Meu pai e meu irmão caçula comandam o império com prazer, enquanto eu fingi uma liberdade que nunca tive. Sei que sou seguido por homens de confiança do meu pai. Eles dizem que é proteção, mas sinto como vigilância. Não sei até onde vai a influência deles, e isso me preocupa.

Será que o desaparecimento de Beatriz tem algo a ver com a máfia? Seria possível que meu pai, em sua obsessão por controle, tenha interferido em minha vida pessoal?

Se for isso, farei do mundo um inferno.

As perguntas me corroem. Não posso mais ignorar o vazio que ela deixou, nem a sombra de mistério que paira sobre sua partida. Não foi apenas uma coincidência. Algo está errado, e vou descobrir o que.

Por enquanto, o único som na sala dos professores é o da minha respiração pesada e das folhas sendo organizadas.

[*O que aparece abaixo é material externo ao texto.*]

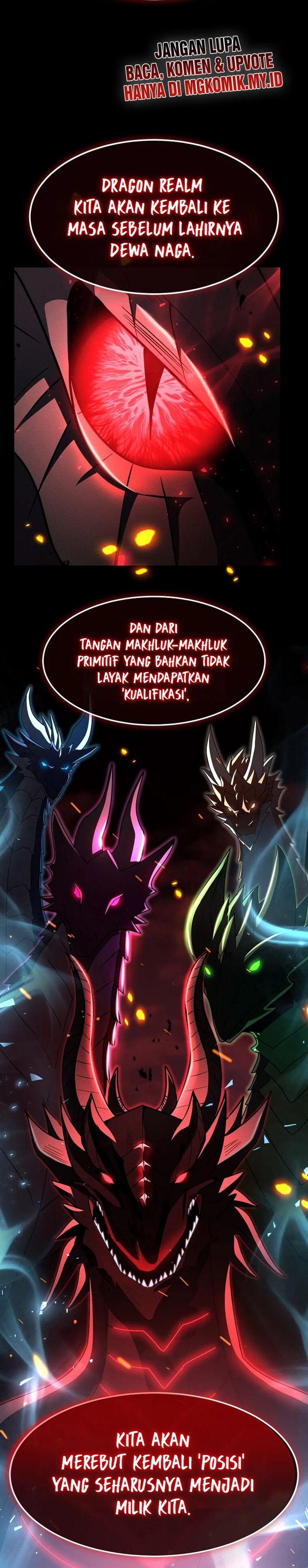 The Regressed Genius Player’s Legendary Weapon Creation Chapter 47 Bahasa Indonesia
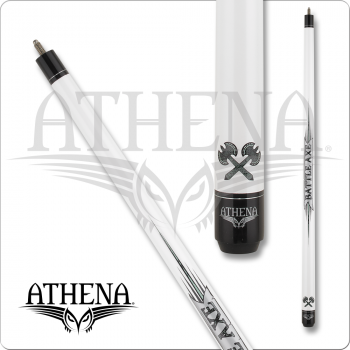 Athena ATHBK1 Battle Axe パールホワイトブレイクキュー　
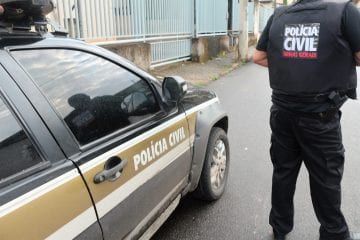 Polícia Civil prende homem que roubou e agrediu idoso em São Domingos do Prata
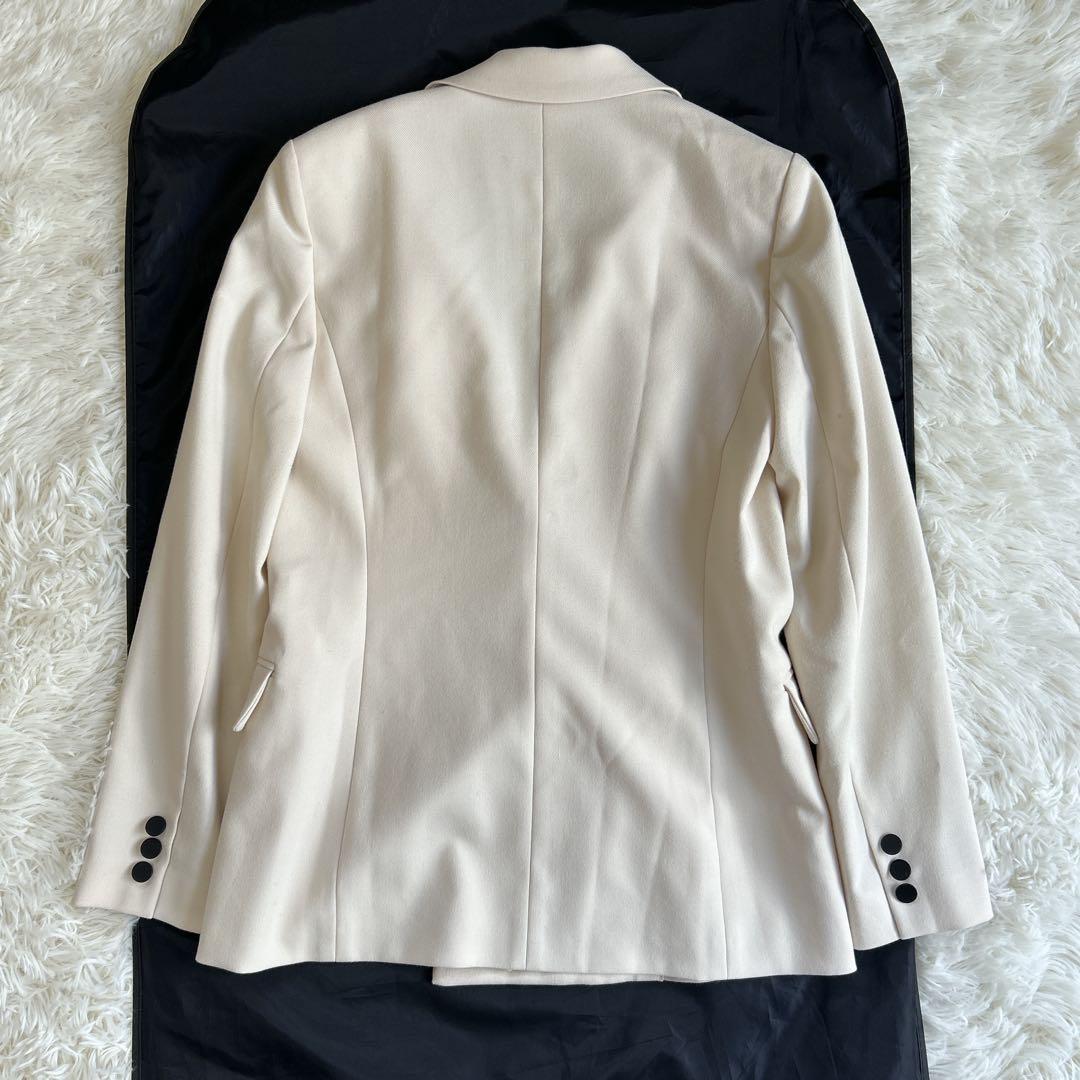 定番✨アルアバイル リオペルダブルブレストジャケット ライトベージュ 完売品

Mas algo na atmosfera muda. Não sei explicar, mas sinto uma presença, um arrepio que percorre minha espinha.

Olho para a porta. Está entreaberta, e por um instante penso ter visto uma sombra passando.

— Tem alguém aí? — pergunto, tentando soar firme, mas minha voz falha levemente.

Silêncio.

Volto a atenção para os papéis, mas agora estou inquieto. Há algo no ar, algo que não sei explicar. E a sensação de que a ausência de Beatriz é apenas a ponta de um iceberg muito maior não me deixa em paz.